Although I was unable to attend the Summit III of CALRHIO, I was encouraged to see that the State of California was represented by Cindy Ehnes. I had a chance to review her presentation, most of which I heartily agree. Having been at this task now for about 15 months in the Inland Empire, and having just concluded our first Regional Meeting, several things became apparent at our meeting, which might influence development of health data exchanges. Providers want data available from portals. EMR is disruptive technolog that will take longer to plan and implement. Portals are relatively easy to design and operate. Many labs already utilize this technology and any vendors are marketing a variety of portals.
They already use common and often secure protocols.

Ms Ehnes comprehensive and global approach to RHIOs brought in a lot of peripheral issues, with politically correct statements about consumerism and cultural sensitivity, which of course are inherent in health care. All public and private entities must have access to this data system. Perhaps she is suggesting it be a multilanguage portal system. HIT certainly is able to accomodate those needs.

I believe California is too large to develop one RHIO, and most data exchanges and health care encounter occur within a relatively small geographic area. Most providers would not want to be dependent on a state run system, rather preferring to develop their own, perhaps with county and/or state bond issues, and loans. Grants take forever to develop and fund and favor strongly organizational hierarchies, of which we have enough.

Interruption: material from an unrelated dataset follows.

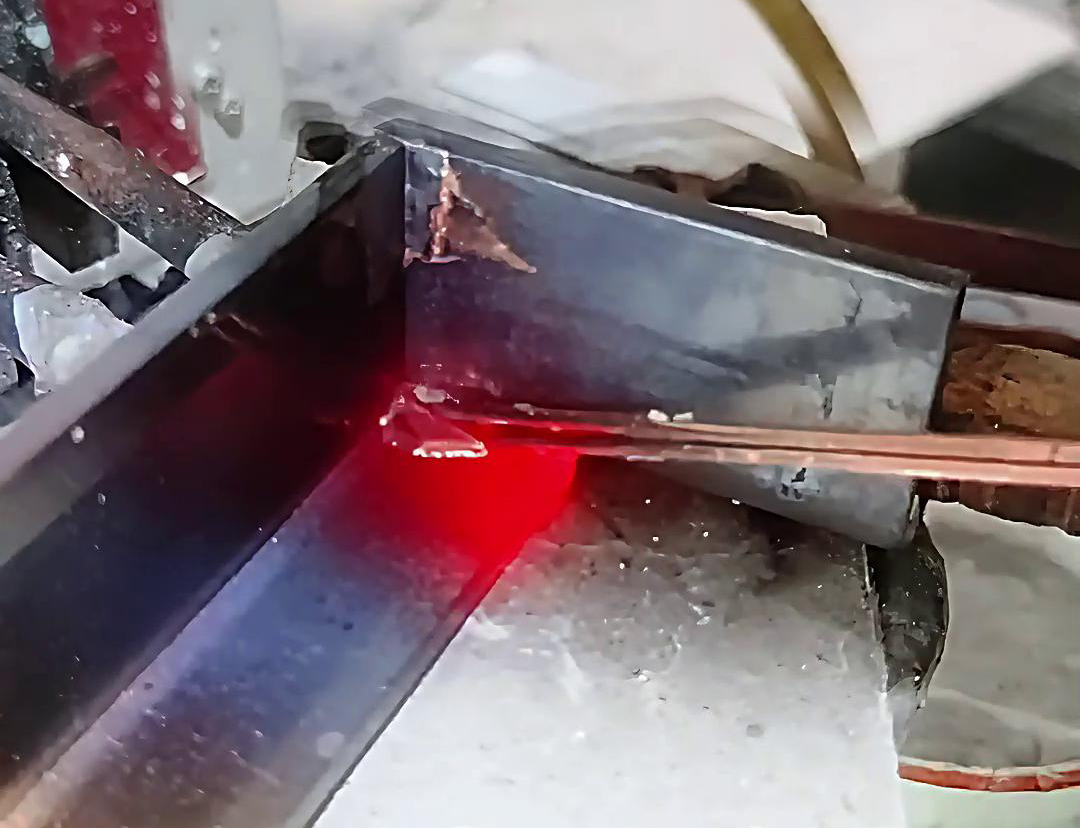 高頻焊機(jī)在銅排焊接中應(yīng)根據(jù)銅排的材質(zhì)、尺寸、厚度和焊接要求選擇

I believe county governments need to become stakeholders to offer a link between private and pubic entities. From my understanding public health clinics have major problems communicating with their own county regional medical centers. I don't think the state is in a position to provide expertise or examples of how to make this system work. Rather private enterprises could enable the state to become part of the private system rather than running it's own arcane system. While most public funding is tied to grants, and legislation which offers long term institutional stability, it moves very slowly.

Ms Ehnes showed a slide with some figures quoted of 200 million dollars and 600 million dollars in loans. Has this been submitted to the legislature, and has CMA been informed about these possibilities??


We also need to bring the major payors to the table at regional levels....a task that is quite difficult.

It's time to stop talking and start moving.